Pero a partir del 26 de septiembre, con la desaparición de los 43 estudiantes de Ayotzinapa, el mundo conoció la verdadera cara de México. Esa que Peña Nieto, con su sonrisa encantadora de “Luis Miguel” (sobrenombre que supo ganarse durante la campaña presidencial), intentó tapar al igual que sus antecesores. El trágico hecho demostró la corrupción e ineficacia de las autoridades locales y federales para atender el asunto, que ha sido calificado como un crimen de Estado tanto por la sociedad en su conjunto como por diversos organismos internacionales de derechos humanos.
En la búsqueda de los estudiantes, la aparición de más fosas comunes dejó a la vista las desidia y los innumerables casos de violencia institucional, la complicidad de la policía en los abusos y persecución de manifestantes y la crisis del narcotráfico que cruza el mapa de un México distorsionado entre el pujante ritmo económico del DF y la desolación en los pueblos de la periferia donde los carteles de la droga abusan de los campesinos para la distribución de su mercancía.
En momentos en los que México se desangra, Peña Nieto decidió embarcarse en una gira diplomática que lo llevó a China y Australia. Su partida fue inmediatamente posterior a que los fiscales dieran a conocer las terribles conclusiones (temporales y rechazas por los familiares) sobre lo que pudo haberles pasado a los 43 desaparecidos de Ayotzinapa: torturados y quemados por manifestarse en contra de la reforma educativa del gobierno.
En estos ocho días, las cuentas de Twitter y de Facebook del mandatario han estado inactivas. Y en el exterior, ante la pregunta incómoda de la prensa, Peña Nieto sólo se limitó a referirse a las multitudinarias protestas que sacudieron el ritmo habitual de los mexicanos para exigir justicia por los normalistas. “Queremos convocar al orden, a la paz; a los grupos (que han incurrido en actos violentos) convocarles al orden y no hacer de este momento de pena y dolor por el que pasan padres de familia una bandera que concite a la violencia y al desorden”, afirmó.

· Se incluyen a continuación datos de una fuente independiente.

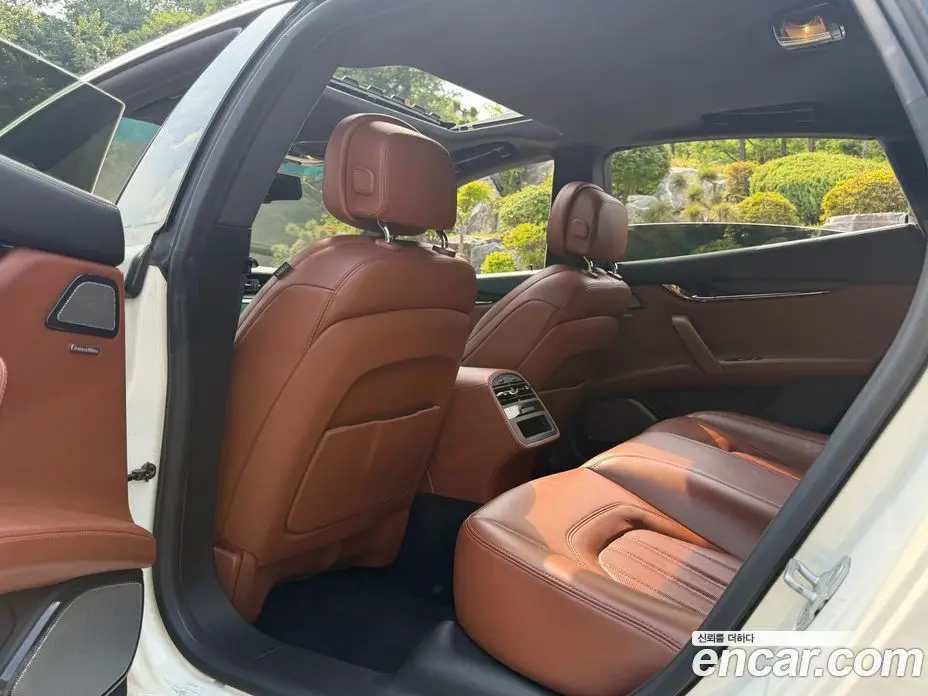 Maserati Quattroporte 2014 3.0 автомат (гидро), фото 16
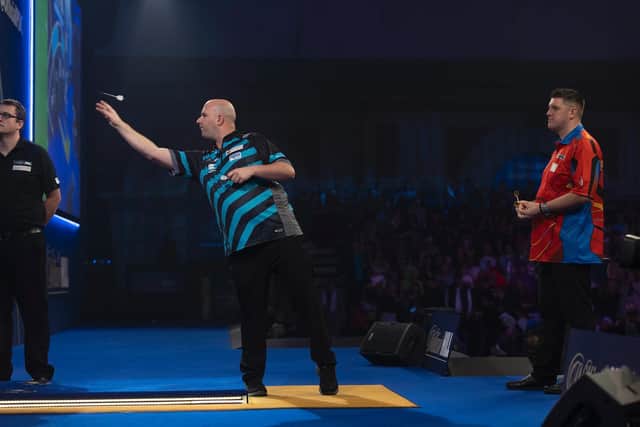 Rob Cross takes on Daryl Gurney / Picture: Lawrence Lustig - PDC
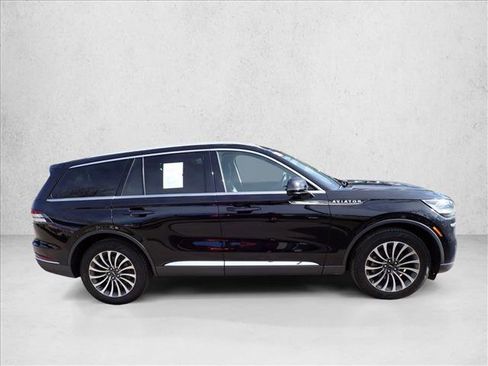 Used 2023 Lincoln Aviator Reserve image 5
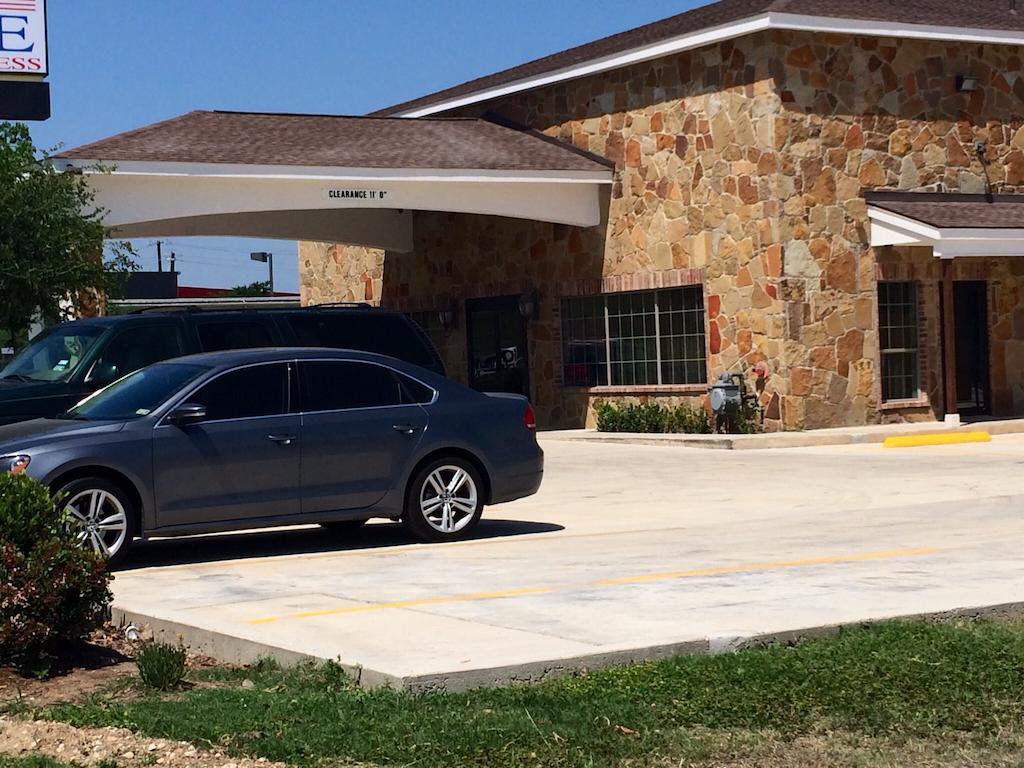 Super 8 By Wyndham San Antonio Near Fort Sam Houston Екстер'єр фото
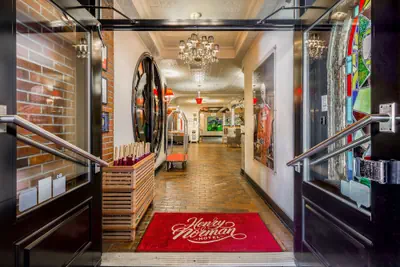 Photo 2 - Henry Norman Hotel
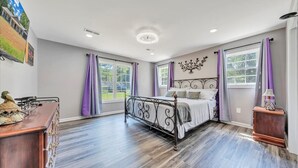 獨棟房屋, 多張床, 可使用泳池 (Lakeview Village East) | 4 間臥室、獨特裝潢、布置獨特、床單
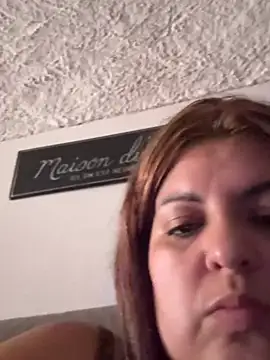 Velvetshadow_48 webcam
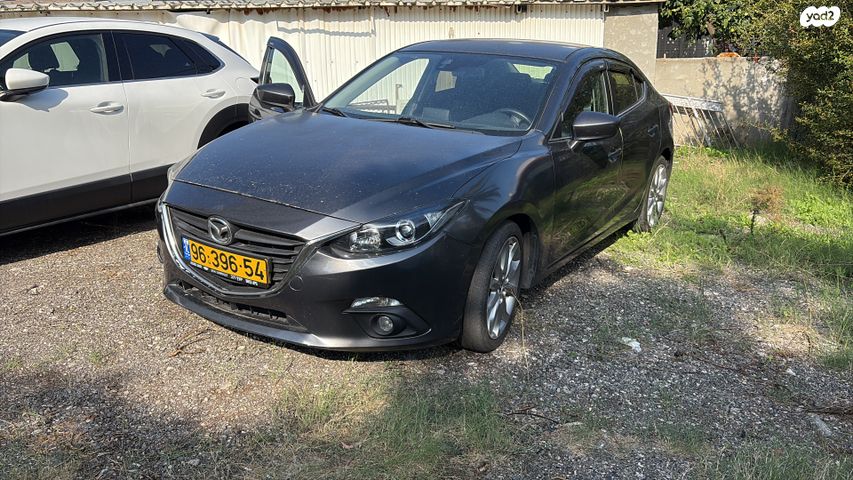 מאזדה 3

Ante el silencio oficial de soluciones concretas, los padres decidieron transformar el dolor en acción. A las masivas marchas, ahora se sumó el apoyo de la Comandancia del Ejército Zapatista de Liberación Nacional (EZLN), quienes acordaron realizar un frente de lucha junto con los familiares de los estudiantes. “Abrazaron nuestra indignación y rabia”, afirmó uno de los padres.
Mientras se espera que esta semana el presidente dé alguna señal de compromiso, la respuesta ante esta crisis permanece en manos del poder ciudadano.